Slovakia, a eurozone member since 2009, will start circulating the coin next year to mark the arrival of Saints Cyril and Methodius to Great Moravia and Panonia, which was part of modern Slovakia.
Eurozone countries are allowed to mint commemorative coins once every year under EU rules. The image on the back of the commemorative coin, however, must be accepted by the remaining eurozone members and the European Commission.
Cyril and Methodius were brothers, born in Thessaloniki at the beginning of the 9th century, who created the Glagolitic and then the Cyrillic alphabets with the aim to have the Bible and other texts translated into Slavic languages [more].
Cyril died in 869 and Methodius in 885. They were soon canonised as saints, with Saints Cyril and Methodius Day being celebrated on 24 May to mark the anniversary of Cyril’s death (see background).
Cyril and Methodius were also declared patrons of Europe in 1980 by Pope John Paul II. In Bulgaria, the only EU country at present to use the Cyrillic alphabet, 24 May is a public holiday, called “Bulgarian Education and Culture, and Slavonic Literature Day”.
And no religion?
Slovakia agreed to remove the halo despite Cyril and Methodius' undisputed status as saints.
"Under EU rules, when designing the national side of a euro coin, Member States are required to take into account that the coins will circulate throughout the whole eurozone, and in that context, proposed designs are shared in advance with other Member States so that they can provide any comments they deem appropriate," the Commission said in a statement.

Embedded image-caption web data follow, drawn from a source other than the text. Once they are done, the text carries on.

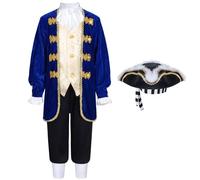 Costume de capitaine général patriote 18 pour enfants, Halloween, cosplay, 3-5T, bleu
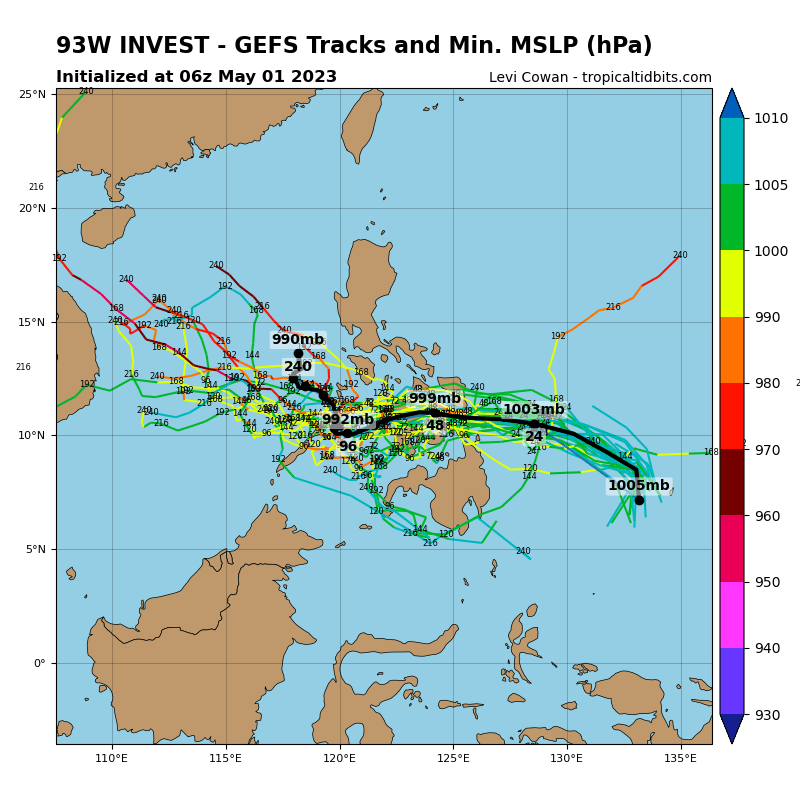 Invest 93W approaching the Philippines expected to consolidate next 72hours //Invest 90S// 0118utc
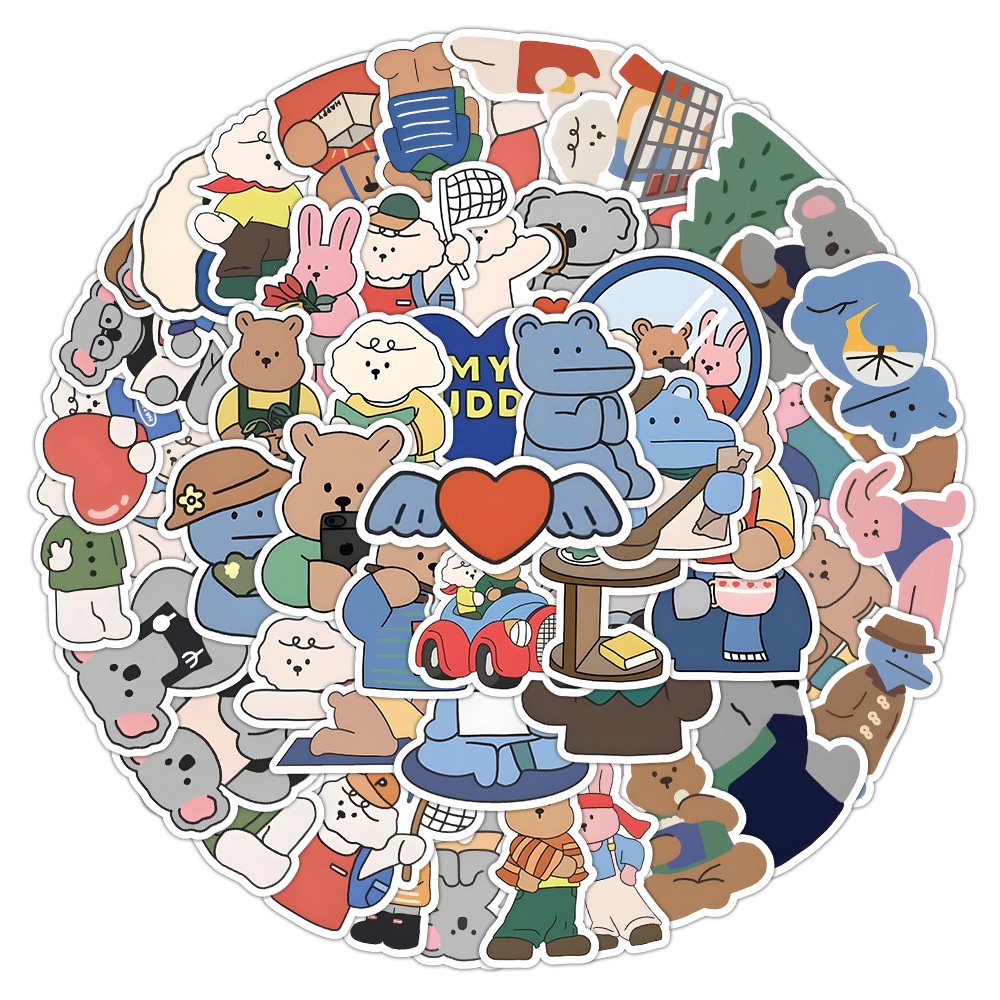 สติกเกอร์ ลายการ์ตูนกราฟฟิติ DK Bears สไตล์เกาหลี สําหรับติดตกแต่งหมวกกันน็อค จักรยาน 60 ชิ้น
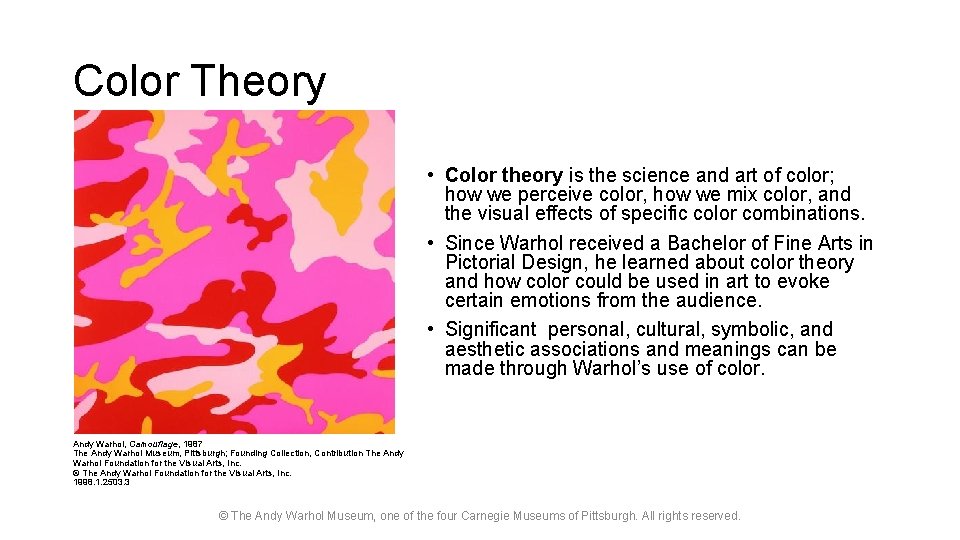 Color Theory • Color theory is the science and art of color; how we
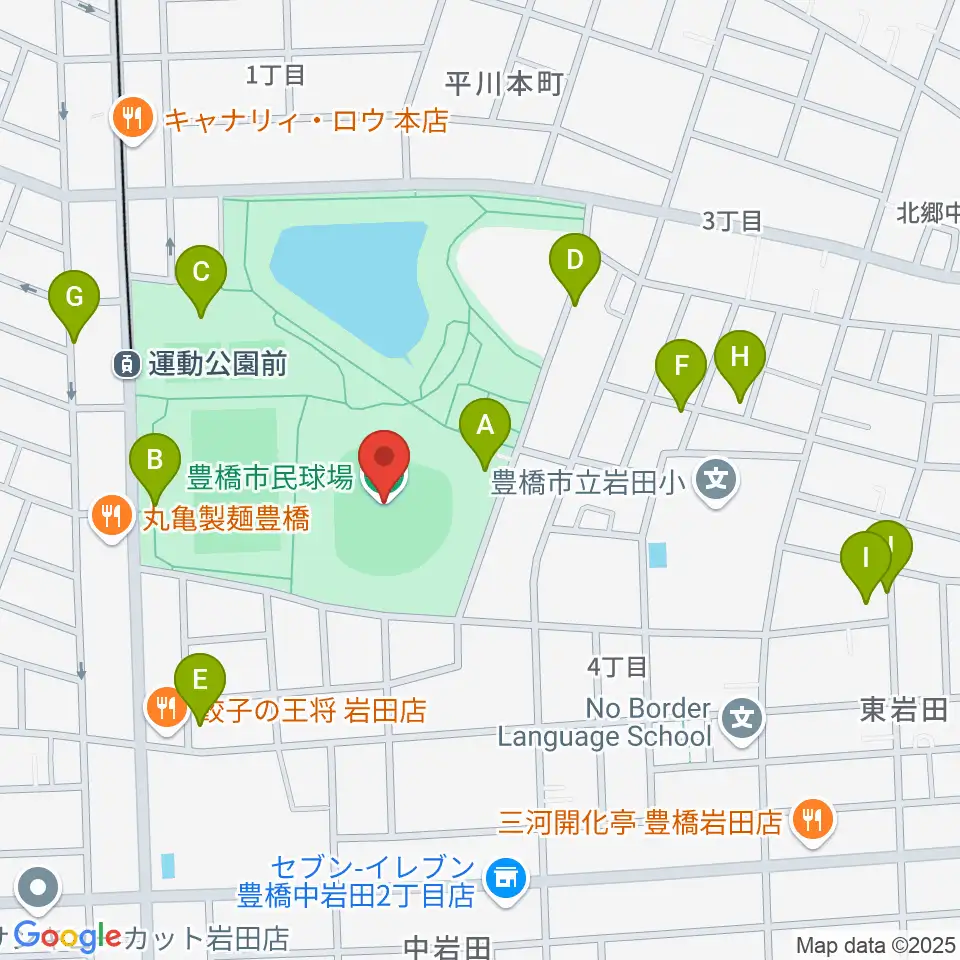 豊橋市民球場周辺の駐車場・コインパーキング一覧地図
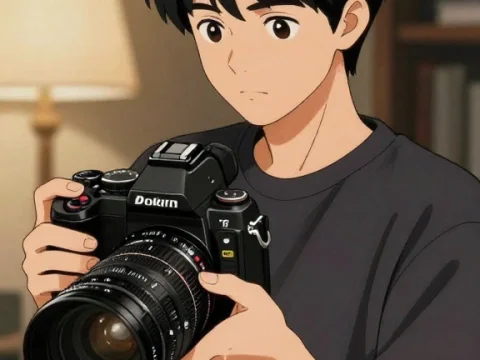 Anime Boy Adjusting Professional Camera on Tripod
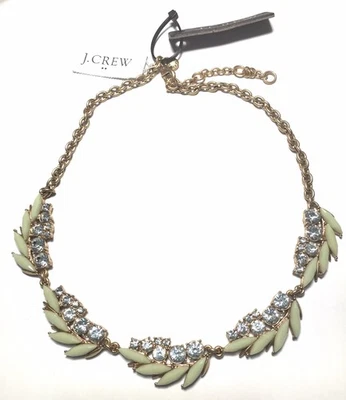 Collar J CREW Diamantes de Imitación Transparente Verde Floral Tono Dorado Cadena 21" Nuevo con Etiquetas Foto 1 de 4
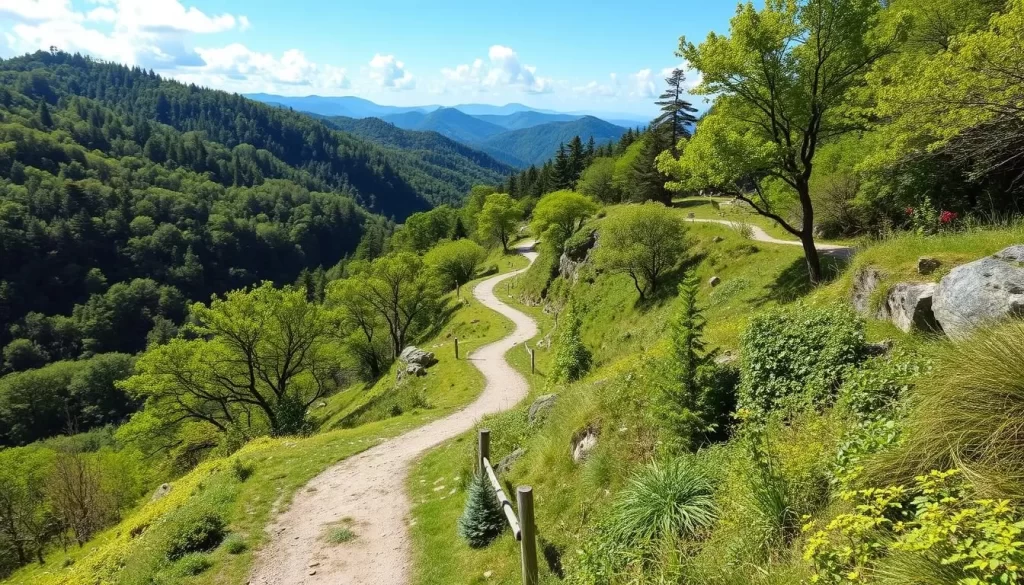 Generate an image of Takaharu town's scenic hiking trails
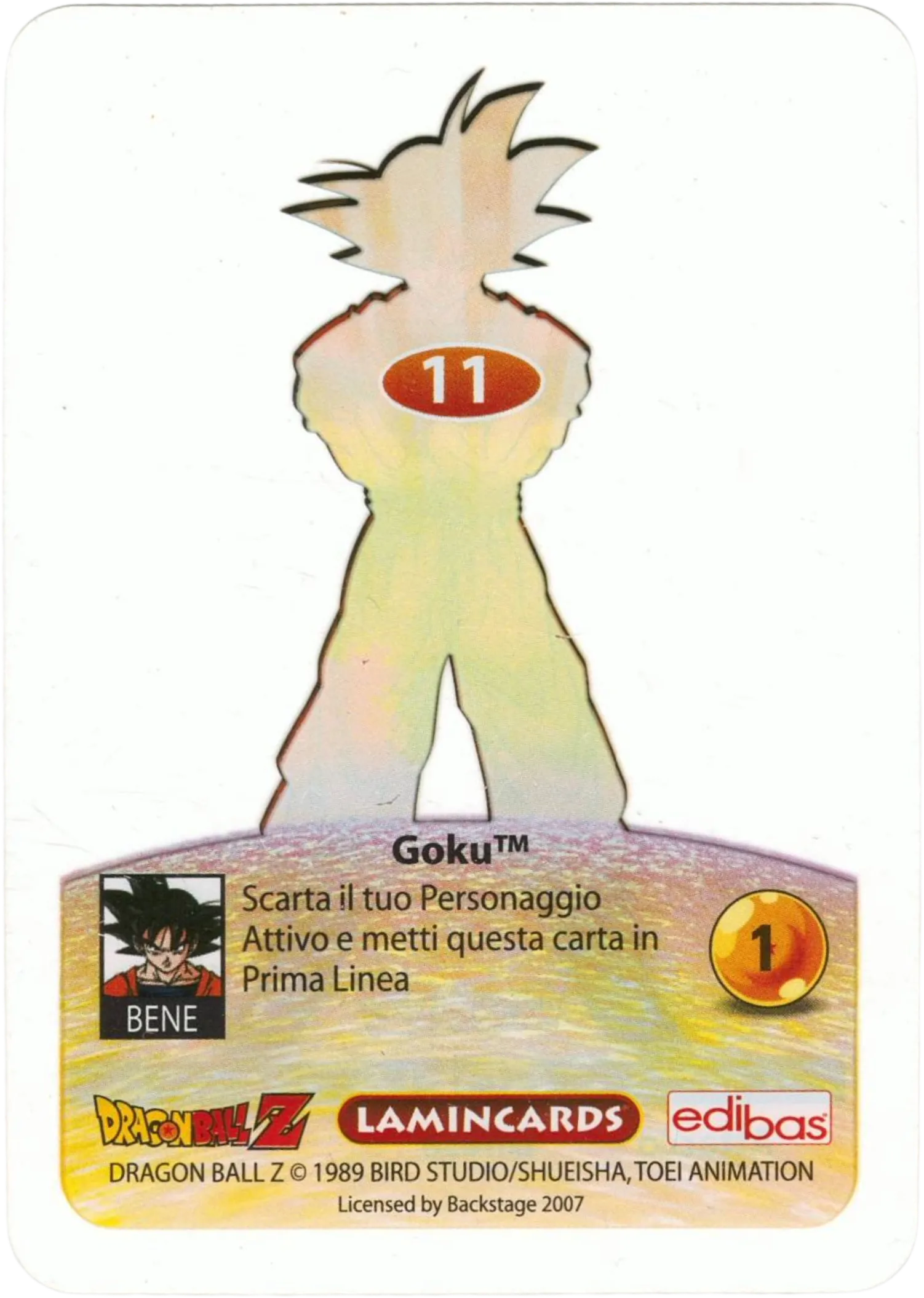 DBZ-PLT-011-GOKU-0000 img2 Retro della carta DBZ Platino n. 11 Goku- parte della serie DBZ Lamincard, con dettagli visivi e grafici del prodotto.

The Commission acknowledged that some members states objected to the coin, adding that Slovakia submitted a slightly amended design, "which has now been approved by the [EU] Council of Ministers."
If the motivation of the unnamed member states was to remove religious symbols from the design, they did not entirely succeed. Cyril and Methodius hold a Christian double cross, standing on the middle peak of a mountain with three peaks.
The double cross and the three peaks are the main elements of the coat of arms of Slovakia and feature on the regular Slovak euro coins.
The revamped design has been met with unease by the Bulgarian press. During Communism, painters and sculptors were requested by the authorities to portray Cyril and Methodius without sanctity halos.
In 862, the Prince Rastislav of Great Moravia requested that the Byzantine Emperor Michael III and the Patriarch Photius of Constantinople send missionaries to evengelise his Slavic subjects.
Cyril and Methodius were sent, having designed for the purpose the Glagolic alphabet, the first to be used in Slavonic manuscripts.
In 863 Cyril and Methodius began translating the bible in Old Church Slavonik and travelled to Great Moravia to promote it.
Later, Cyril and Methodius developed the Cyrillic alphabet, as a political project of Bulgarian king Boris, whose reign from 852 to 889 was marked by the Christianisation of Bulgarians.